# Gnocchi too soft. Help!



## streamofmight (Jul 25, 2015)

Hi all. Not sure where to post this, thought that here might be a good place to ask this question of mine.

Been trying to make gnocchi, however they are always too soft. It's supposed to be fluffy/slight chewy on the exterior, but mine has totally no resistance to the bite. Am I kneading too little? Also, mine is not so soft that it breaks apart with boiling and mixing with the pasta sauce. It actually holds up quite well. It just breaks like mashed potato in the mouth.

This is the recipe that I follow: 900g boiled potatoes to 128g all purpose flour and about 1-1.5 yolk Cut flour into potato and drizzle yolk, then mix.

I do not knead much, for fear of overworking the gluten. Could that be the cause? Should I consider using bread flour?

Thanks for reading!


----------



## berndy (Sep 18, 2010)

Double your yolk and add a bit more flour and then you should be all right.


----------



## phatch (Mar 29, 2002)

My opinion is that it's the nature of the beast. Gnocchi by hand are always too soft for my taste, even at good restaurants. I actually prefer the pre-made shelf-stable gnocchi you can buy in the pasta aisle.

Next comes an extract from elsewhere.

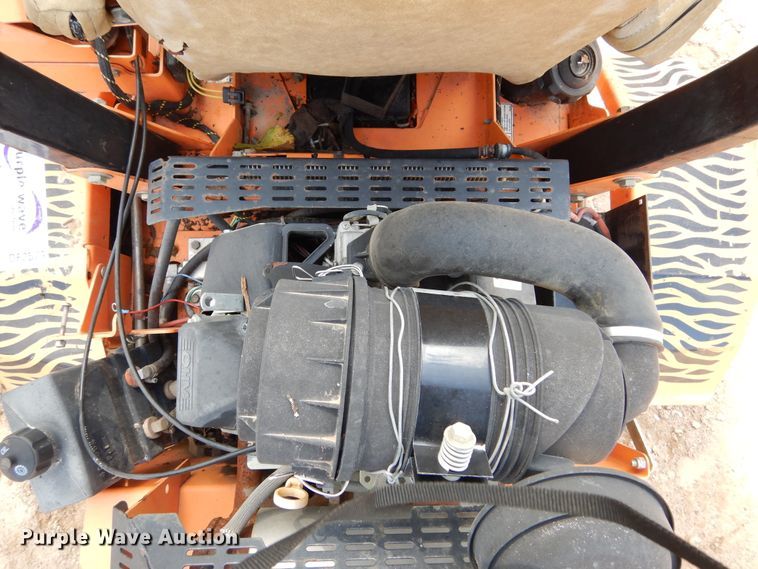 image for item DF2579 Scag STT52V-27CH ZTR lawn mower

Something constructive now. Try baking the potato instead of boiling initially. In the US, we consume our potatoes faster and fresher than the Italians. Theirs get to dry out more before cooking.


----------



## french fries (Sep 5, 2008)

I wouldn't use a recipe for gnocchi, as different potatoes have different water content, and that requires different amounts of flour. I use just the amount of flour needed to get a dough that is no longer sticky to the fingers. In your situation, my guess is you may need more flour.


----------



## panini (Jul 28, 2001)

Hi @streamofmight ,

If you are looking for a lite gnocchi. Try baking the potatoes, they have plenty of moisture. Prick the spuds so they don't explode.

When they are cooked take them out. They need to be as hot as you can handle and scoop them out. A ricer or food mill is the best way to go.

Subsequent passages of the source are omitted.